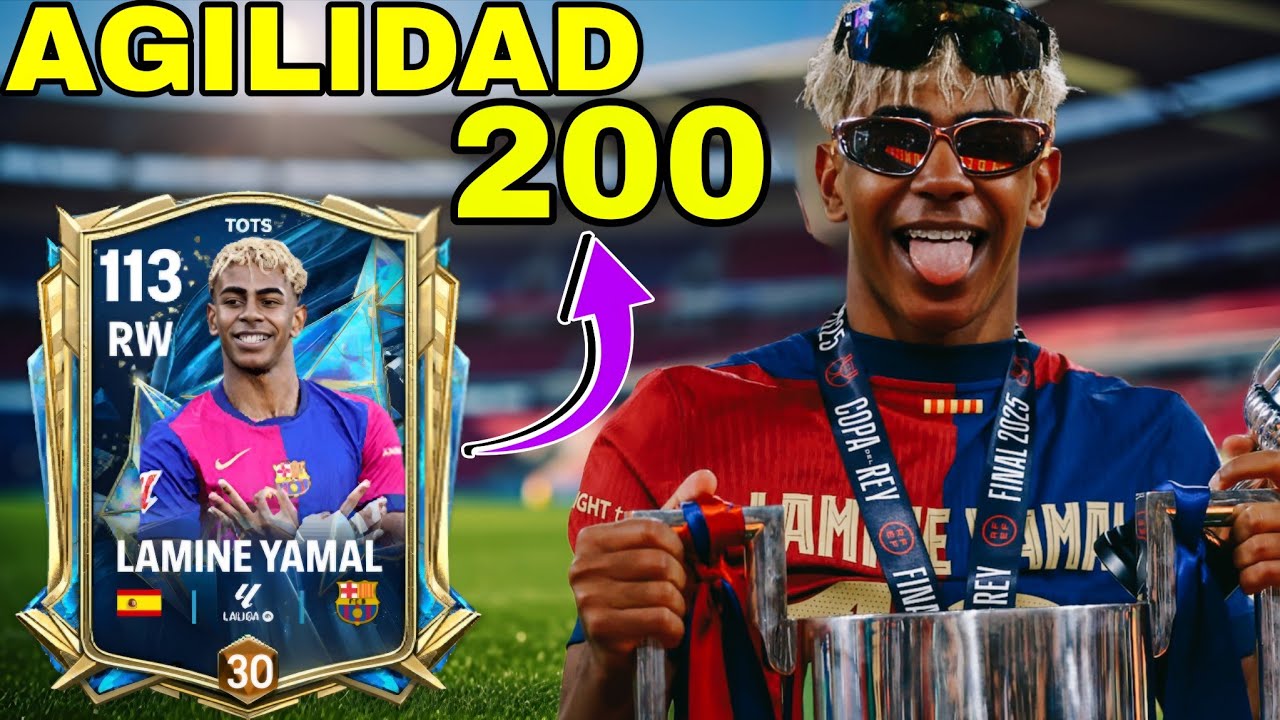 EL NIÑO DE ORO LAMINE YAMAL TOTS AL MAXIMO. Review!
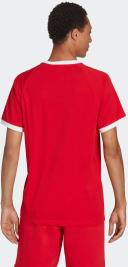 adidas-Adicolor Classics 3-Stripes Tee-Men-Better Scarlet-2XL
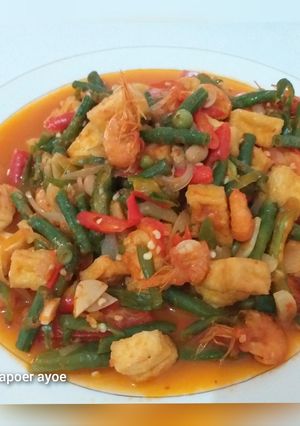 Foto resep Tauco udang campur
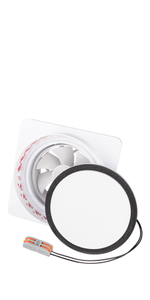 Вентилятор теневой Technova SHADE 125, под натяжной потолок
----------------------------------------
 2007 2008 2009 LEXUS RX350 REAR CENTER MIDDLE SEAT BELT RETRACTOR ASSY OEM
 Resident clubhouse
----------------------------------------
PROBLEM:
In the listing above, find the line holding "EL NIÑO DE ORO" and the line holding "Вентилятор теневой Technova". Reproduce those two lines and all between them exactly, leaving out pictures.

FINAL ANSWER:
 EL NIÑO DE ORO LAMINE YAMAL TOTS AL MAXIMO. Review!
 adidas-Adicolor Classics 3-Stripes Tee-Men-Better Scarlet-2XL
 Foto resep Tauco udang campur
 Вентилятор теневой Technova SHADE 125, под натяжной потолок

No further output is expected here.